The report added: “Early rainfall deficits caused permanent wilting of crops in localized areas, while erratic rainfall is expected to result in a decline in crop productivity in the 2019/2020 season.
“The on-going economic crisis has hindered farmers’ access to agricultural inputs, causing a reduction in the area planted with maize.
“The 2020 harvest is forecast to remain below the five-year average, which would sustain a tight supply situation and curtail potential earnings from crop sales for farming households. As a result, the acutely food-insecure rural population in need of urgent action is estimated at 4.3 million up to June 2020 (IPC, March 2020).”
Government has taken what it calls baby steps towards dealing with the food crisis through engaging various private players to import maize into the country.

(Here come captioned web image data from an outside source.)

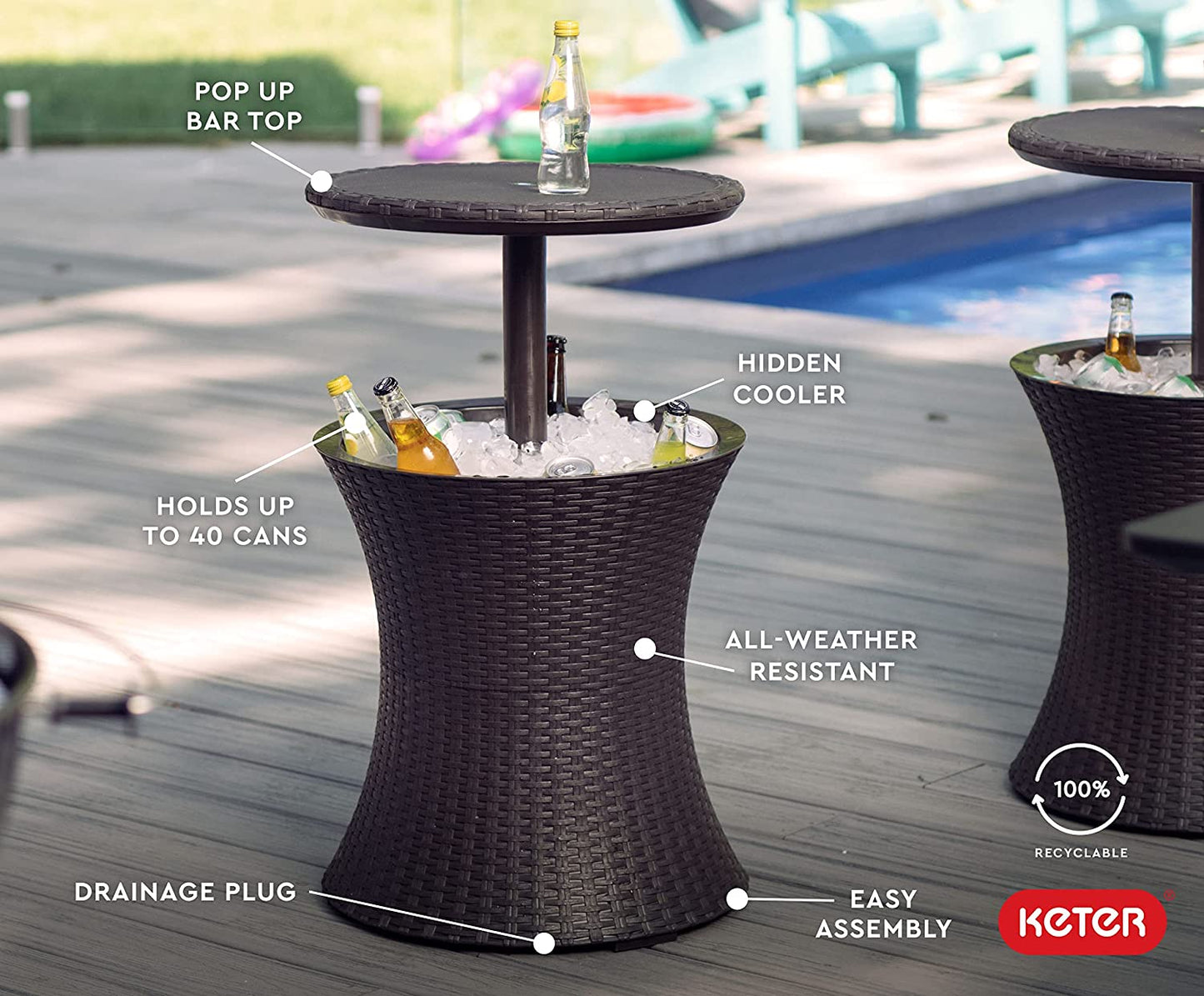 Outdoor Party Side Table with 7.5 Gallon Beer and Wine Cooler in Espresso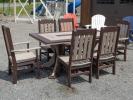 Rectangle Dining Table and Classic Chairs in Weather Wood and Milwaukee Brown Poly Lumber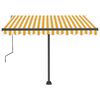 vidaXL Toldo retr&aacute;til manual com LED 300x250 cm amarelo e branco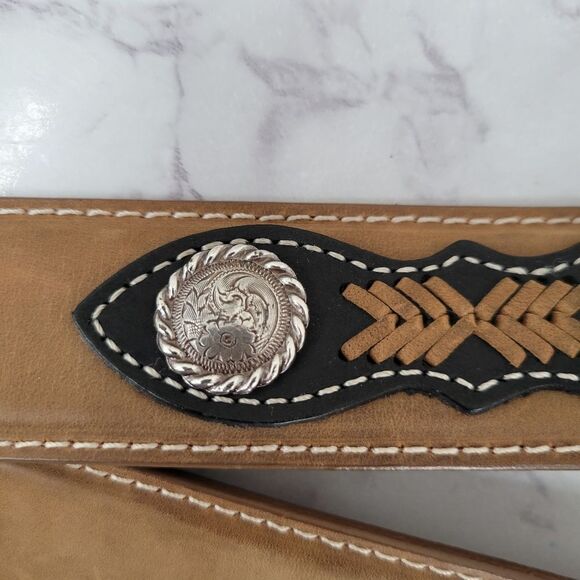 Nocona Top Hand Leather Western Belt Tan with Black Billet Silver Concho Men's - Picture 11 of 14
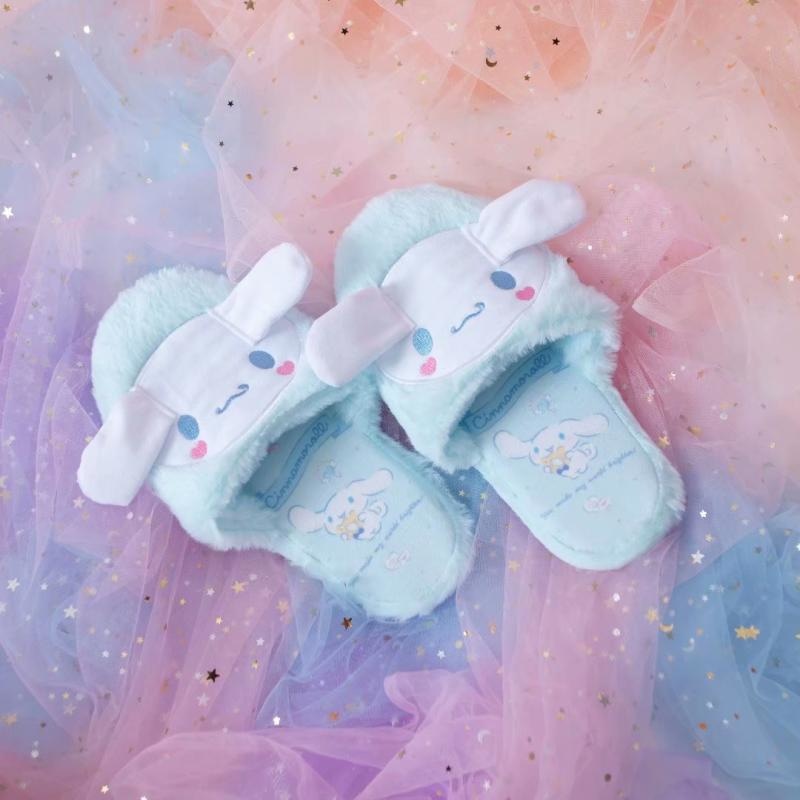 Fuzzy Kuromi Slippers - Cinnamoroll - baby bunny, bunnies, bunny rabbit, shoes, cinnamoroll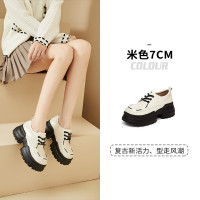 珂卡芙(KEKAFU)厚底乐福鞋高跟鞋女2023夏季新款小个子增高小皮鞋春秋单鞋 米色 35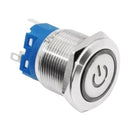 Botão On Off 19mm Prata 220v 3a C/ Led Branco 12v Storm
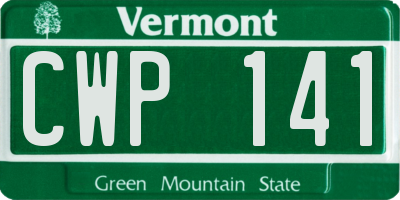 VT license plate CWP141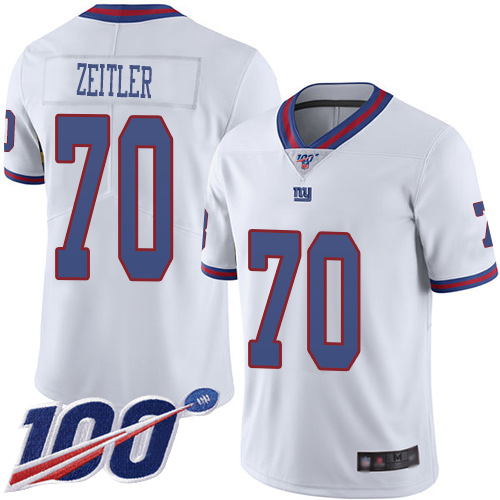 Men New York Giants #70 Kevin Zeitler Limited White Rush Vapor Untouchable 100th Season Football NFL Jersey->new york giants->NFL Jersey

The move, however, has been hugely affected by the shortage of foreign currency as the local currency has continued to lose value when juxtaposed with other international currencies — a situation that has seen the maize importers pumping more money to get access to the foreign currency.
“From October-December 2019, an estimated 3,6 million rural inhabitants were classified in crisis or worse (IPC Phase 3 or above). This includes over 1,1 million facing emergency (IPC Phase 4) conditions. This was a marked deterioration compared with the 2018 end-of-year peak (IPC, August 2019).
“An additional 2.7 million rural inhabitants classified in Stressed (IPC Phase 2) were at risk of slipping into Crisis (IPCPhase 3) if their livelihoods were not supported.
Of particular concern were the nine districts classified in emergency (IPC Phase 4), where the results of the Zimbabwe Vulnerability Assessment Committee (ZIMVAC) IPC analysis demonstrated an increase in the number of people facing food consumption gaps and forced to employ emergency strategies, thus jeopardising their future (IPC, August 2019).
“The deepening hardship forced families to eat less, skip meals, take children out of school, sell off livestock and fall into a vicious cycle of debt. Little respite is expected for the most vulnerable, including subsistence farmers, who grow most of Zimbabwe’s food and depend on a single, increasingly erratic rainy season (World Food Programme, December 2019),” the report said.
HIV and Aids, the report states, continue to weigh in on the challenges the people face as they try to fight against the food crisis.
“Widespread poverty, high levels of HIV/Aids and low crop productivity also undermine food security (WFP, 2019). As a result, Zimbabwe is experiencing one of its worst acute food insecurity crises in a decade, with atypically high humanitarian food assistance needs (FEWS NET, November 2019 and United Nations, December 2019),” stated the report.
“The persisting poor macroeconomic environment, marked by hyperinflation, continued to drive the appalling acute food insecurity situation (IPC, August 2019). In July, annual inflation reached 230 percent. Extreme poverty was estimated to have risen from 29% in 2018 to 34% in 2019, meaning that 5,7 million Zimbabweans were living in extreme poverty in 2019 (WB, October 2019).”